(The data begins)
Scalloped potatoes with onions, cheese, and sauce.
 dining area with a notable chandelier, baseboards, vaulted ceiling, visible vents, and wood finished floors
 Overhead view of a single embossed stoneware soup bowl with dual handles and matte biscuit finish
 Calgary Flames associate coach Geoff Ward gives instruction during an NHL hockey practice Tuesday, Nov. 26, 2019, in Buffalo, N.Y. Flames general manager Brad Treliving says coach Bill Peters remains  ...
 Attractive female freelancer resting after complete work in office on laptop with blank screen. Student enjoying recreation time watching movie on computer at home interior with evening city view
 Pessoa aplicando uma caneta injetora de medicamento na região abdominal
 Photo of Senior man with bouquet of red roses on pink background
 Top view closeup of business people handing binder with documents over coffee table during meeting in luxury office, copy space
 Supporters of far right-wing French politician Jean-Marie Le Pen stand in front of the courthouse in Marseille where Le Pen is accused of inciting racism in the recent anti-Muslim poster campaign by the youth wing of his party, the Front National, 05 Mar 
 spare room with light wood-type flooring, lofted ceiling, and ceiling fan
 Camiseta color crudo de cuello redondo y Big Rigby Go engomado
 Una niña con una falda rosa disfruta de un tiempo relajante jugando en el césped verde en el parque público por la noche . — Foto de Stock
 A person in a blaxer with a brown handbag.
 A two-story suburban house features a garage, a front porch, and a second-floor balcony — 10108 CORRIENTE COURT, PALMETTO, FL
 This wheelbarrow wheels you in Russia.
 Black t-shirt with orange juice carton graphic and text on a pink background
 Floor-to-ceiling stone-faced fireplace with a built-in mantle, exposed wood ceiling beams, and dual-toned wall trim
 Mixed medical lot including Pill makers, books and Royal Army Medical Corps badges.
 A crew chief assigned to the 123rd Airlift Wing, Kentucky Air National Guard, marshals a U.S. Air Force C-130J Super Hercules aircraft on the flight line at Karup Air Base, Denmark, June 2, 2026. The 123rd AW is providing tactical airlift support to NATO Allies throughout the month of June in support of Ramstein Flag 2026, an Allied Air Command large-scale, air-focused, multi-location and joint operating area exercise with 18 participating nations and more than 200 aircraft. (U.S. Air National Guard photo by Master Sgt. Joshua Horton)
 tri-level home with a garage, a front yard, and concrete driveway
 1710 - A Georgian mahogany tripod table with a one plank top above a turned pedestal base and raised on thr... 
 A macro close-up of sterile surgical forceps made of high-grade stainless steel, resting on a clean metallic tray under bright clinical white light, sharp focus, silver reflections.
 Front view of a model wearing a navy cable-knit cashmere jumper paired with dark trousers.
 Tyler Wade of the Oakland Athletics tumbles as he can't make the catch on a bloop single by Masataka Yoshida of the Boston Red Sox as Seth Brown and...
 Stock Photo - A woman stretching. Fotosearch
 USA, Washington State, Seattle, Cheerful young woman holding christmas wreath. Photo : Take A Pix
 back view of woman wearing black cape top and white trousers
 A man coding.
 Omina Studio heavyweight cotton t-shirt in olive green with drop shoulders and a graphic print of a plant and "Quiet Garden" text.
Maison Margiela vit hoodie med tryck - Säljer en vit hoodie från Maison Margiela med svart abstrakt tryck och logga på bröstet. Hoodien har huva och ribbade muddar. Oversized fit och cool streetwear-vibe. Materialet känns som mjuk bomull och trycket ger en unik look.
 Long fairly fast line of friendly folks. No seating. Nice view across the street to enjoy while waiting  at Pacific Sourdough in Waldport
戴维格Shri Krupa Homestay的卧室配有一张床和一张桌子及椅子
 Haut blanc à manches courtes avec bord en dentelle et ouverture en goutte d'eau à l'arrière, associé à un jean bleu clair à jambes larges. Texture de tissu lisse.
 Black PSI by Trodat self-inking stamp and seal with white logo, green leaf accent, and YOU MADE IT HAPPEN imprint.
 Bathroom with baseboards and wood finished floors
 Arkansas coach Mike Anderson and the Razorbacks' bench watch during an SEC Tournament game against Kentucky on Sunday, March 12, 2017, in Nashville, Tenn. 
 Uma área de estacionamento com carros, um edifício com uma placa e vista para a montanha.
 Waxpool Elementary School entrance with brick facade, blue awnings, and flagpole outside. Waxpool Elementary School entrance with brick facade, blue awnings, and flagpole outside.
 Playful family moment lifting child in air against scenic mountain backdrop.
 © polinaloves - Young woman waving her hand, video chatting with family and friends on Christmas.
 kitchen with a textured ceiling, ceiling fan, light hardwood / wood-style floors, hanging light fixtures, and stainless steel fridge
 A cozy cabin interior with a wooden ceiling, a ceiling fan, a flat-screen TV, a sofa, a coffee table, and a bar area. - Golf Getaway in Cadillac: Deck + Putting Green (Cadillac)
(The data ends)
Looking at the data above, state how many of its lines contain the word "white", and give nothing but that number.

3